Because I also produce and market some content, I can’t afford to think in silos. I’m constantly asking:
- Is this emotionally compelling?
- Where should this sit, TikTok or YouTube?
- Will it hold the audience’s attention?
- Will it convert?
My job is to make sure creativity doesn’t float. It lands.

What has managing digital campaigns taught you about responsibility and results?
It has taught me that results are rarely accidental.
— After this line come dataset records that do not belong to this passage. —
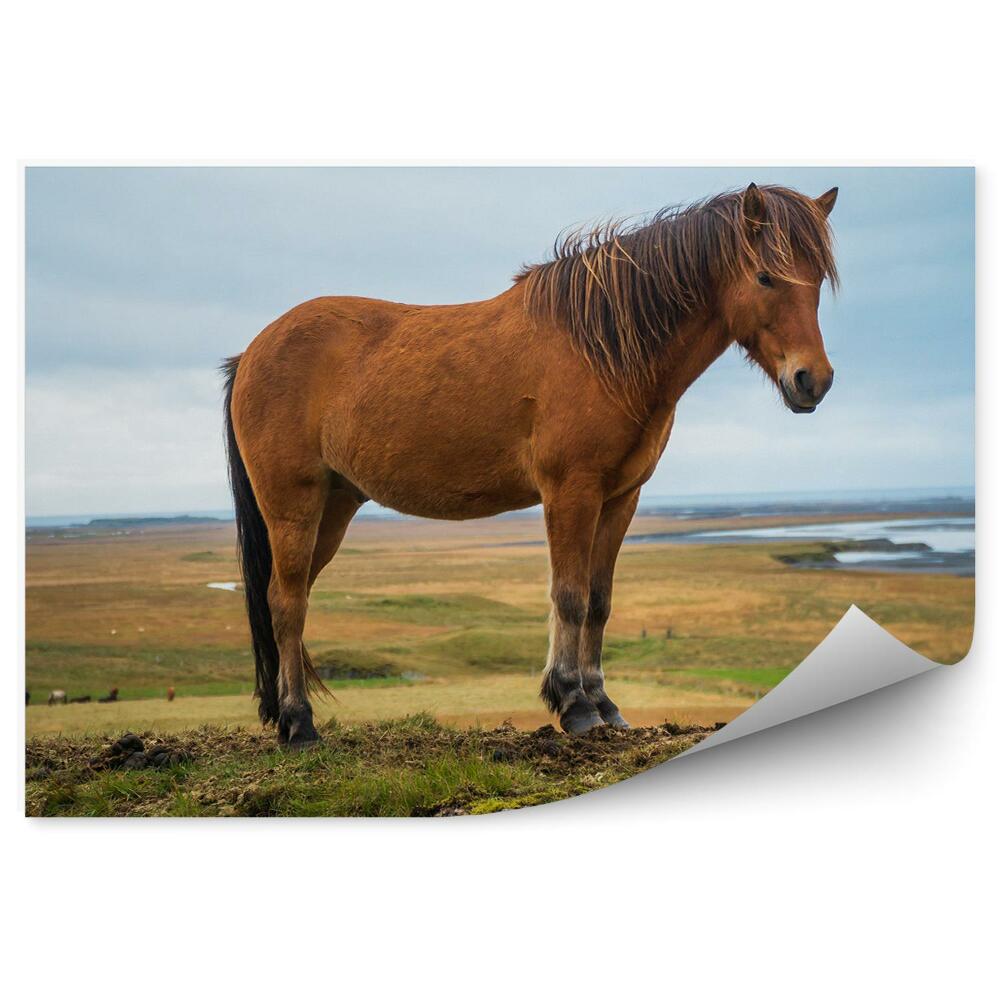 Fototapeta Hnedý islandský kôň tráva na kopci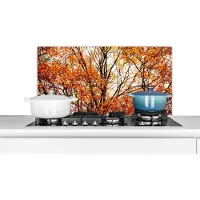 KitchenYeah Spatscherm keuken 90x45 cm - Kookplaat achterwand Bos - Herfst - Seizoenen - Muurbeschermer - Spatwand fornuis - Hoogwaardig aluminium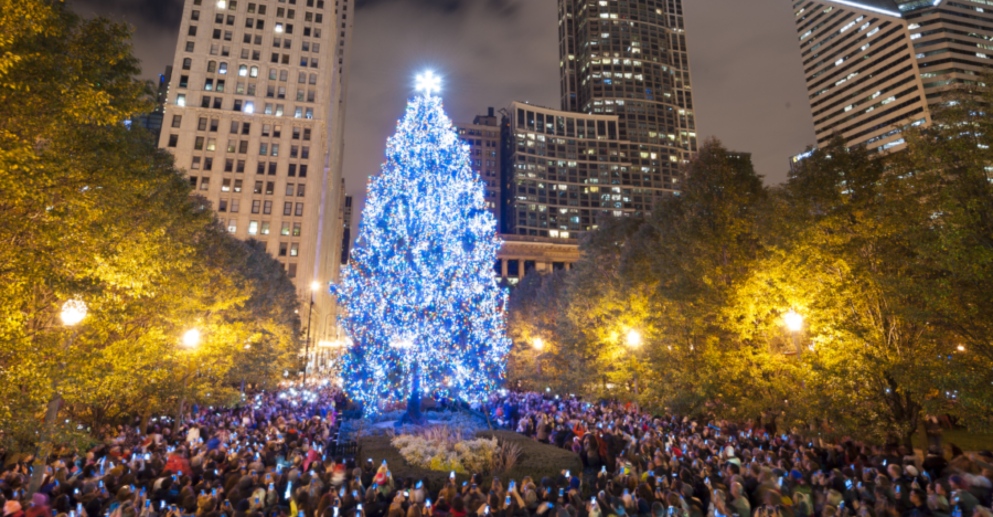 Large christmas tree Chicago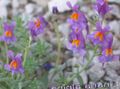 lilac Garden Flowers Linaria Photo, cultivation and description, characteristics and growing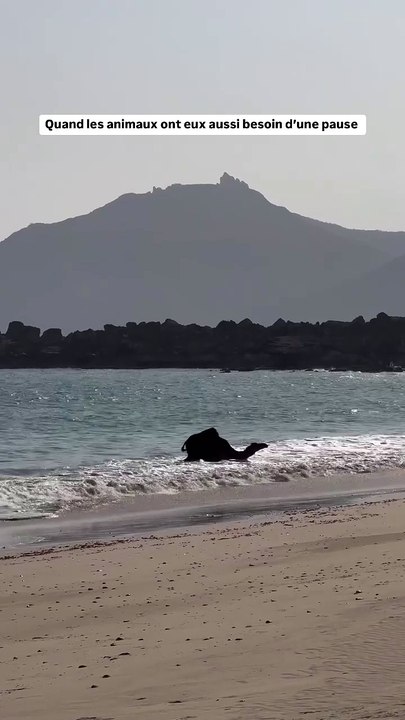 Quand un chameau prend du temps pour lui sur une plage à Oman 🇴🇲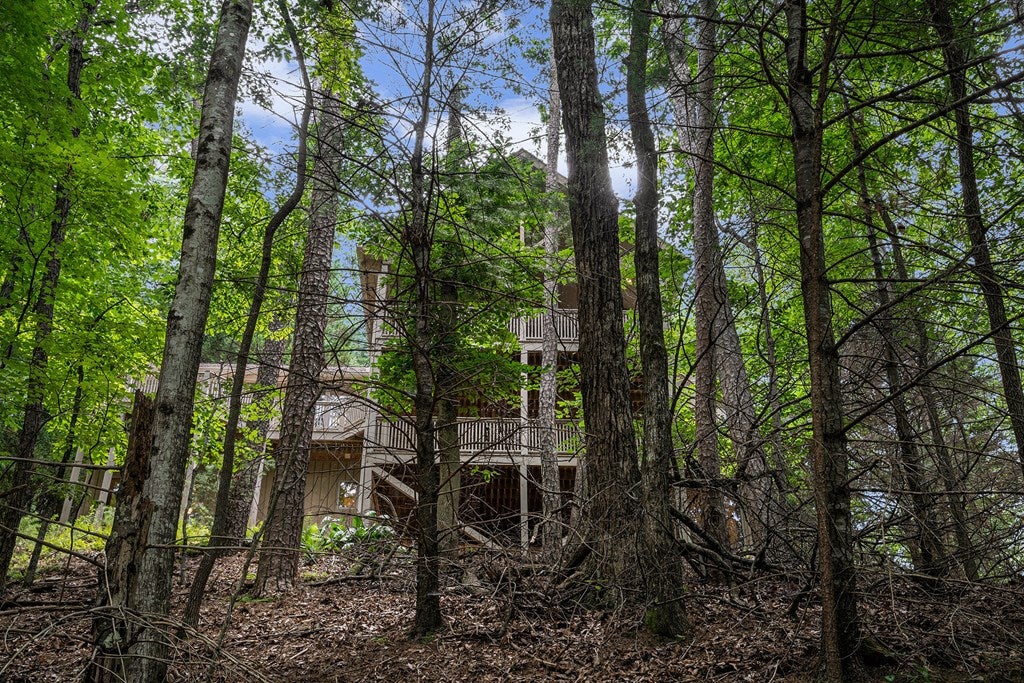 Ellijay, Georgia, 30536, United States, 4 Bedrooms Bedrooms, ,4 BathroomsBathrooms,Residential,For Sale,1888522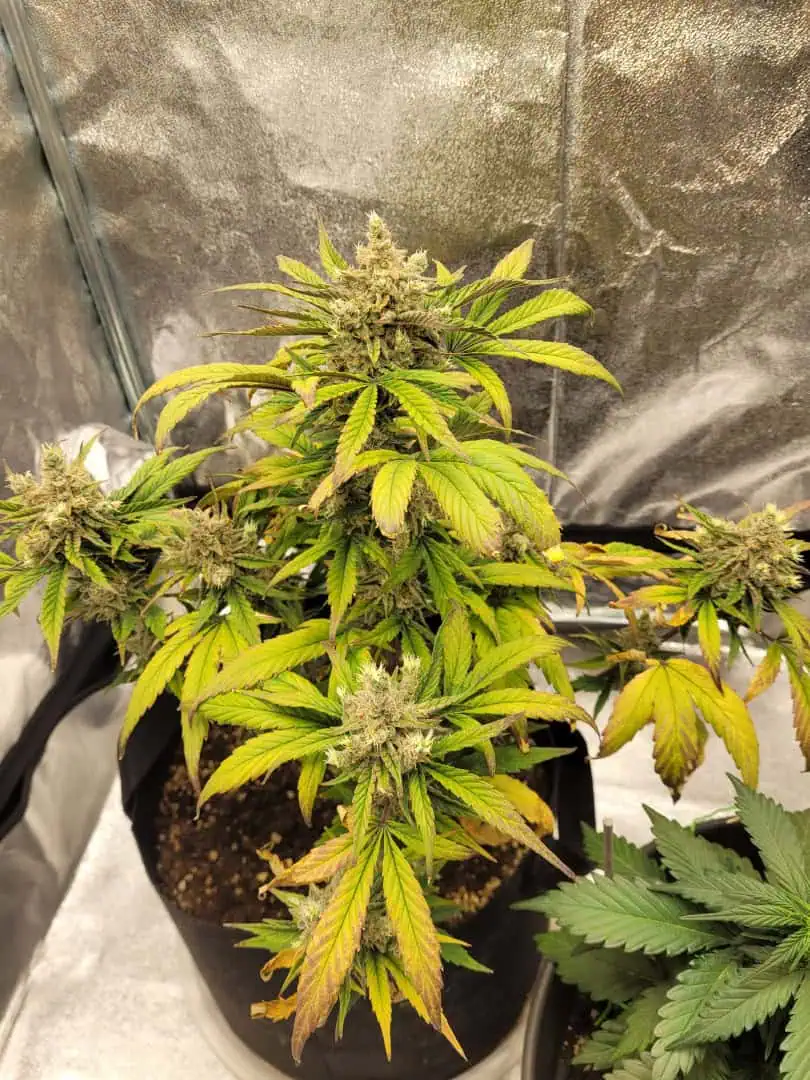 Almost Finished  — flower, day 77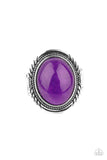 stone-terrarium-purple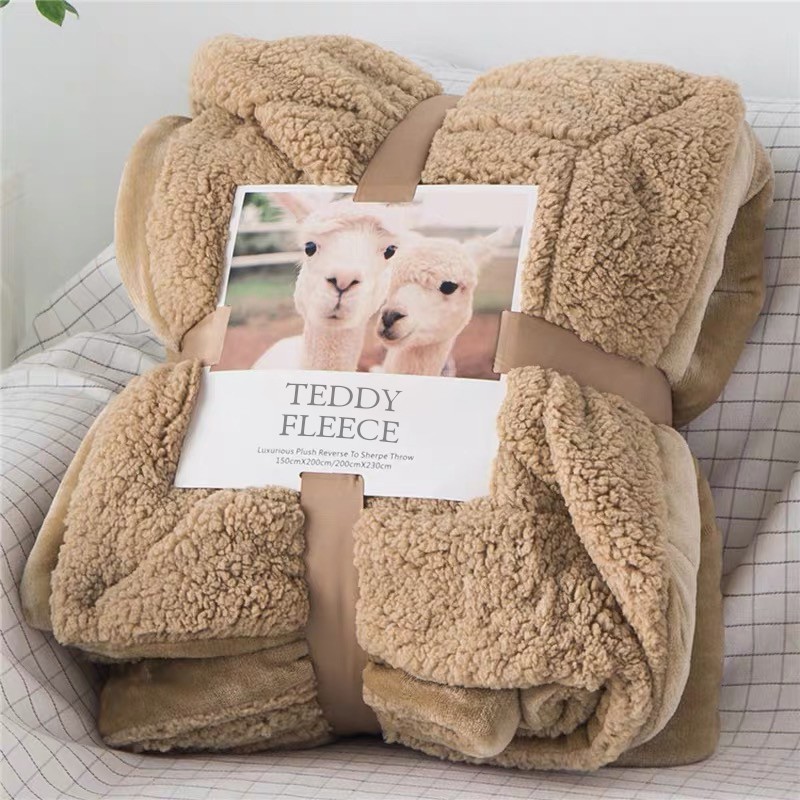 Teddy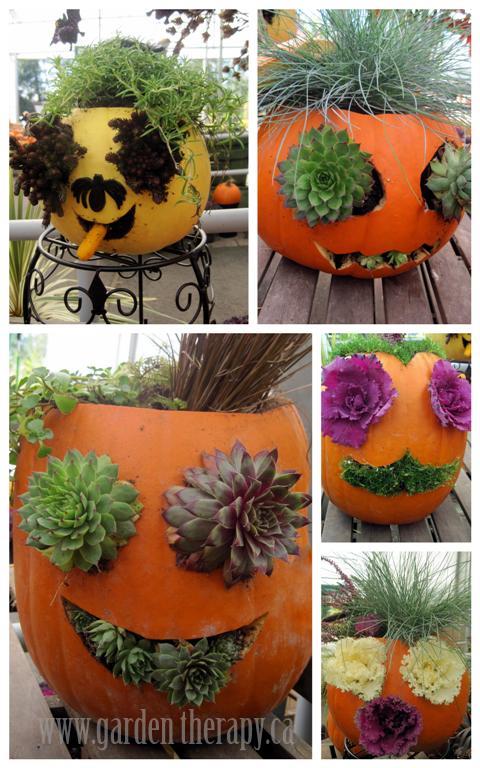 Jack-o-Lantern-Planters-with-Sedum-and-Kalec.jpg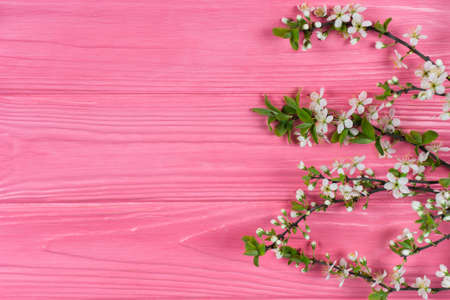 Pink wooden background with flowering cherry branches.の写真素材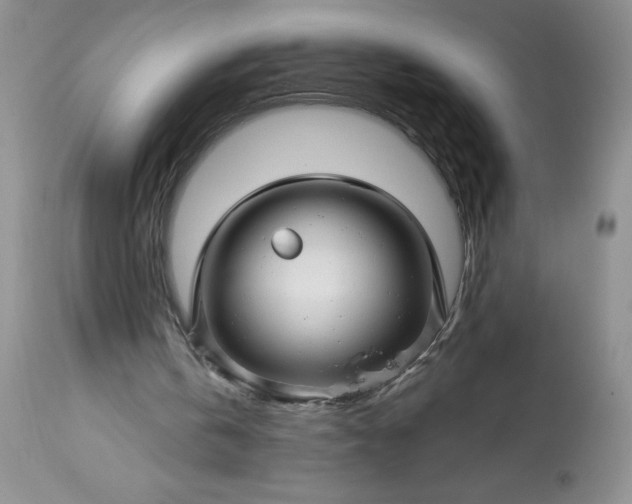 X0000113580146200910021701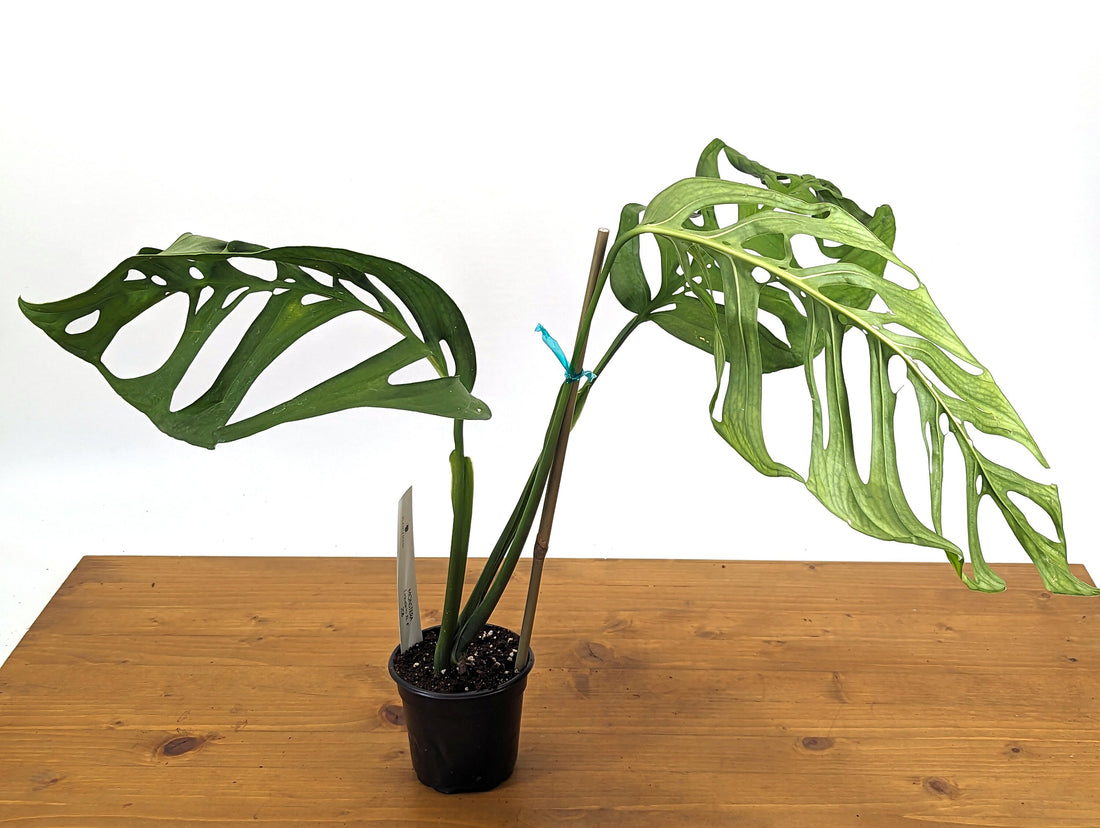 EXACT Large Monstera Esqueleto in 4 Inch Pot - XL Size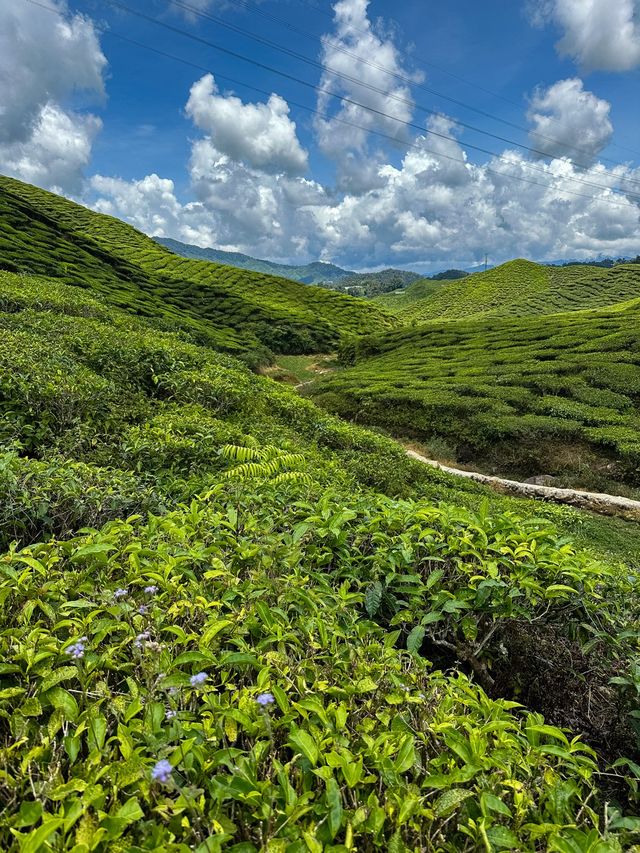 The amazing valleys of the Cameron Highlands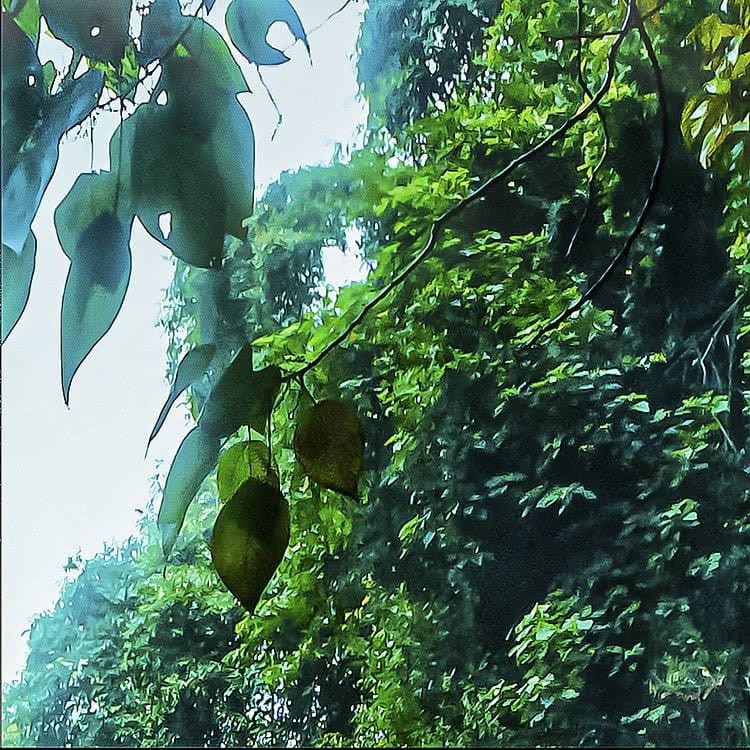 Fototapeta Rainforest X4-1024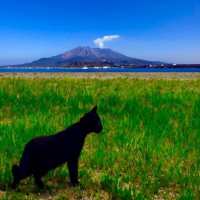 こむぎ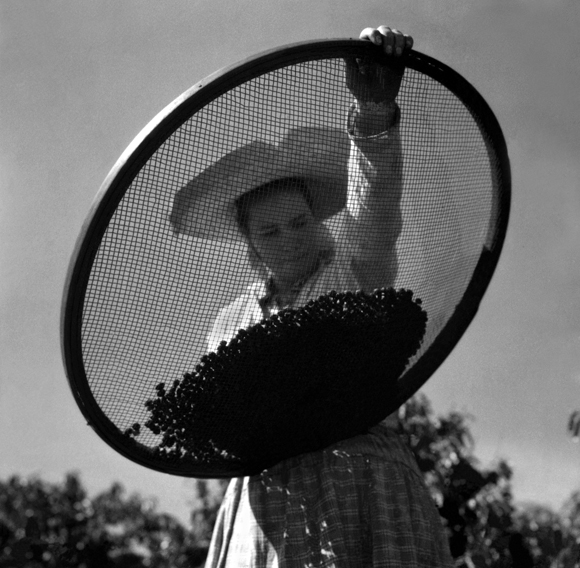 Marcel Gautherot | Acervo Instituto Moreira Salles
Digital strips away comfort. If something underperforms, you can’t simply let it go. You take a deeper look at it. Packaging, targeting, timing, audience fatigue, messaging clarity, everything is measurable.
I’ve learned that:
- Views alone mean very little.
- Retention means respect.
- Consistency is key.
Managing campaigns has made me more accountable and more precise. You don’t just hope content works. You build the conditions for it to.
In such a fast-moving digital space, how do you decide which ideas or trends are worth pursuing?
Trends are great, however, I prefer to approach them with the following questions in mind:
First: Does it align with our voice?
Second: Does it serve our audience?
Third: Does it build long-term affinity?
If it doesn’t strengthen community, watch time, or brand positioning, it’s probably a distraction.
Speed is important, but alignment is everything.

What is one project or moment that strengthened your confidence as a communications professional?
It has to be working on the marketing of Skinny Girl in Transit from inception. Being part of that journey, from early digital traction to sustained audience growth over multiple seasons, shaped me. I’ve seen what happens when strategy is consistent. I’ve seen how community grows over time. I’ve helped position, protect, and evolve that brand.
When you grow with a project like that, your confidence isn’t loud, it’s rooted. You understand audience behaviour because you’ve studied it. You understand longevity because you’ve built it.
What’s something about your job that gives you a deep sense of purpose?
I care about how our stories are seen. We’re operating in a crowded digital ecosystem, and visibility and instant success aren’t guaranteed. Being part of the process that ensures our stories don’t just exist but compete matters to me. Yes, I focus on performance. Yes, I’m analytical. But underneath all of that is a simple belief: our stories deserve scale.
Helping them reach the right audiences, in the right way, at the right time, that’s what makes it all worth it.